Problem:
Copy the lines below exactly, starting at the one with "1-комнатная квартира, 40 м² — фото 1" and ending at the one with "Summer Floral Daisies", and leave out any picture.

::: Study material :::

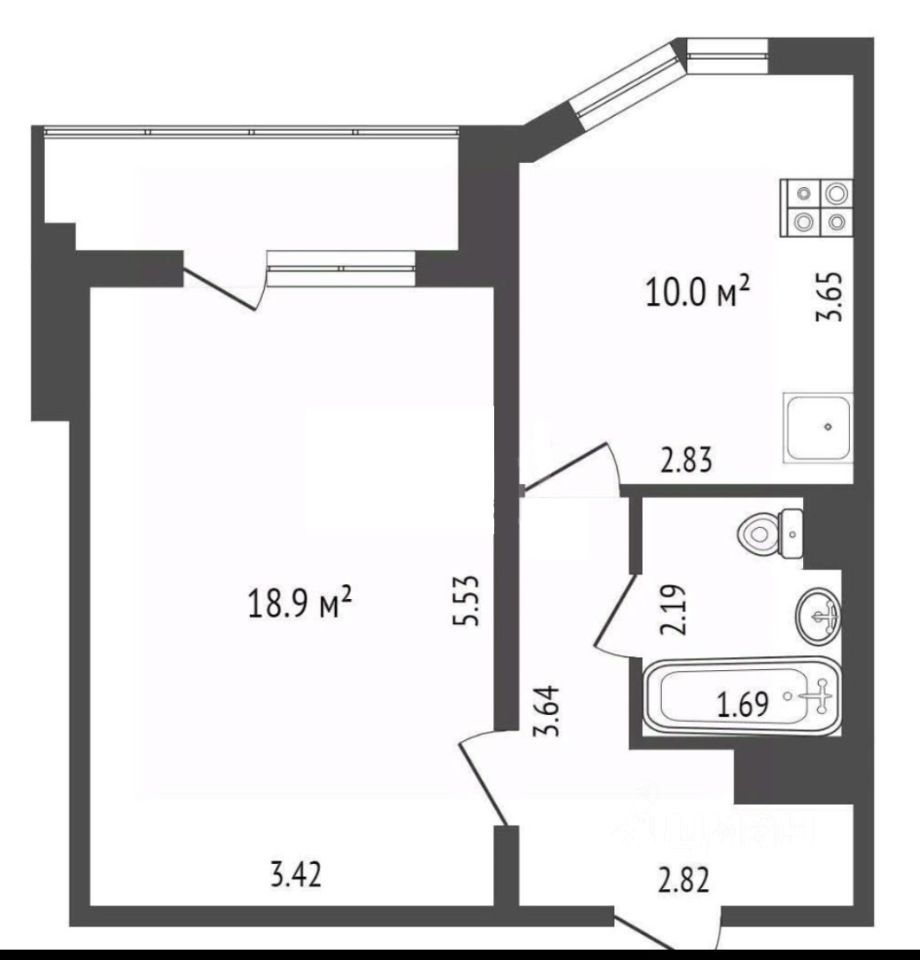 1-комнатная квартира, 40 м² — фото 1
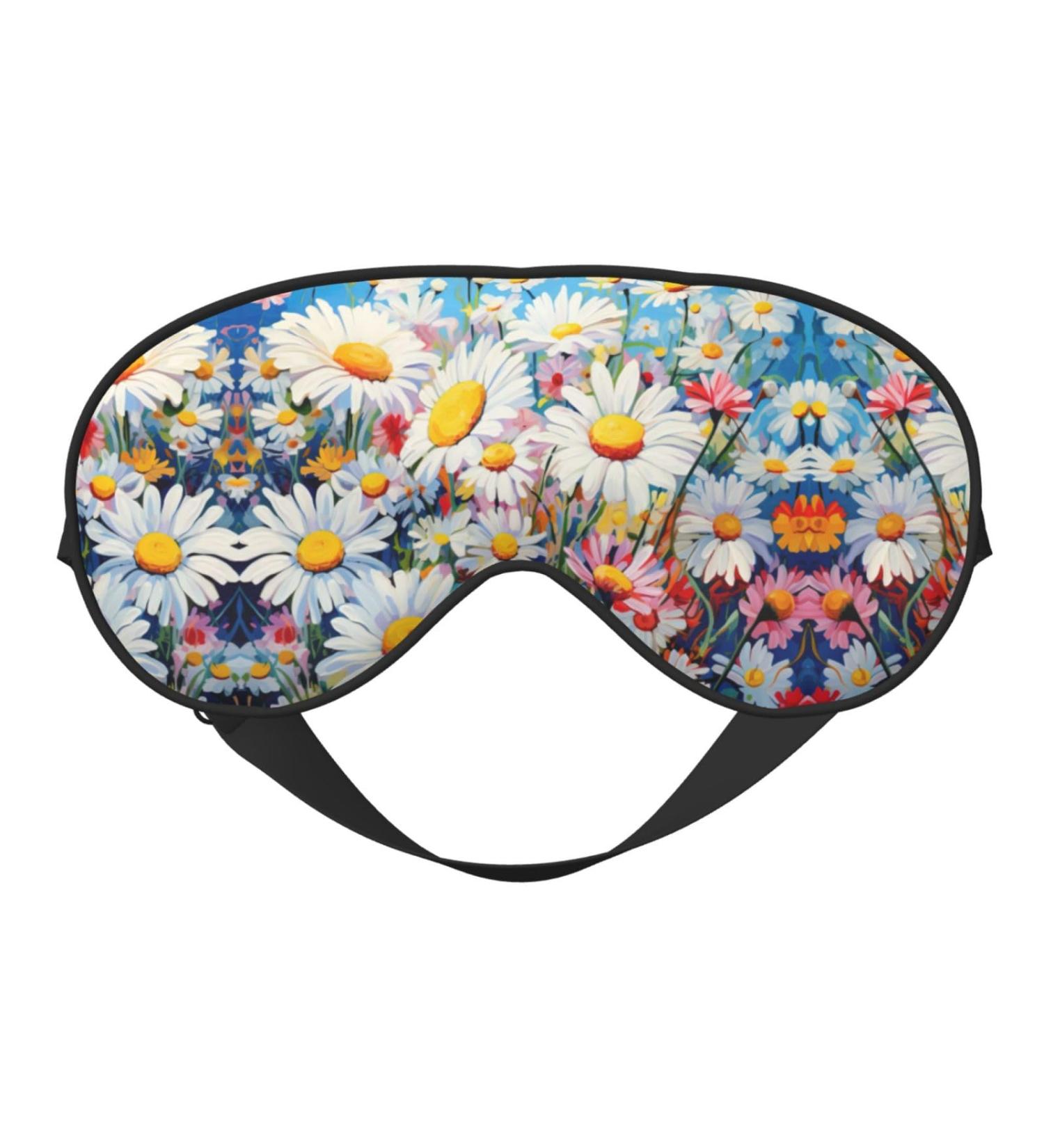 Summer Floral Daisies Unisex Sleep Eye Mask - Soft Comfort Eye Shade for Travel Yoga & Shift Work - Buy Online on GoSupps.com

:::
::: Study material :::

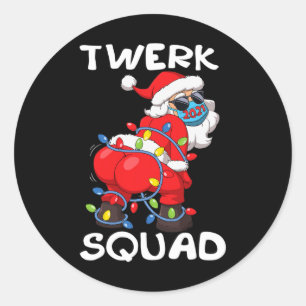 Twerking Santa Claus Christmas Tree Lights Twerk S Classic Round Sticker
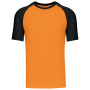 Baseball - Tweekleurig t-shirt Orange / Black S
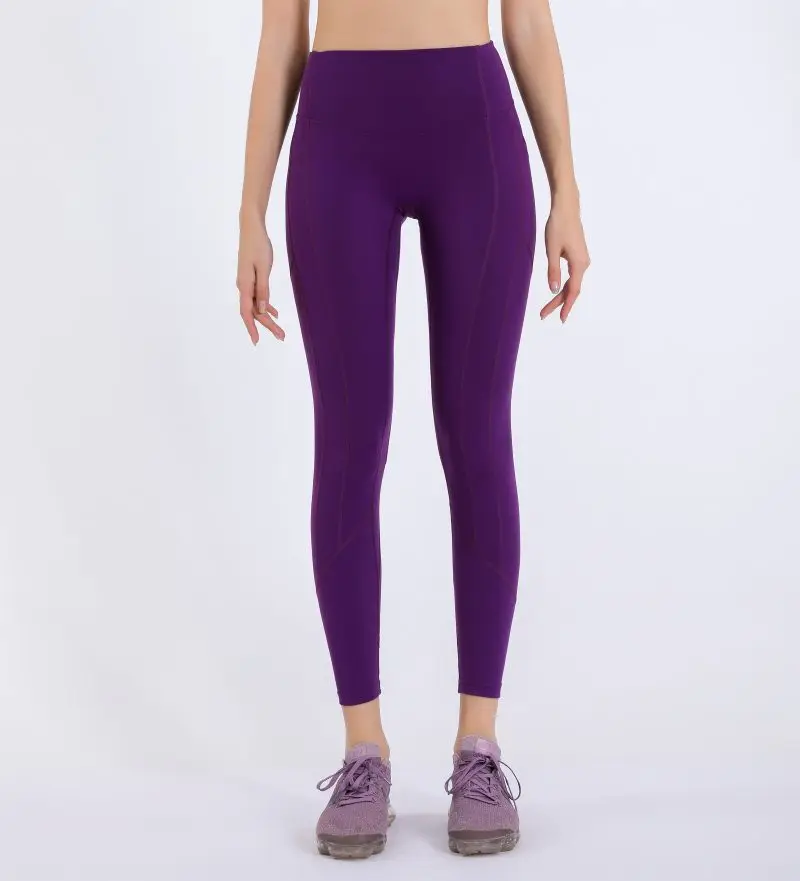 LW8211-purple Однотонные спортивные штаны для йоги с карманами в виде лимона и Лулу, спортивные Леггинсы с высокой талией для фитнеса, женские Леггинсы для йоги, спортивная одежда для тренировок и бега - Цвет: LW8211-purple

:::
::: Study material :::

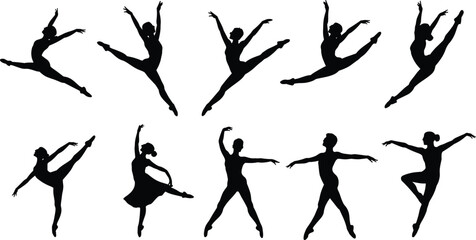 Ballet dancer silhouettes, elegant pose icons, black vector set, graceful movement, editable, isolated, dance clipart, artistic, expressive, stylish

:::

Expected answer:
 1-комнатная квартира, 40 м² — фото 1
 Summer Floral Daisies Unisex Sleep Eye Mask - Soft Comfort Eye Shade for Travel Yoga & Shift Work - Buy Online on GoSupps.com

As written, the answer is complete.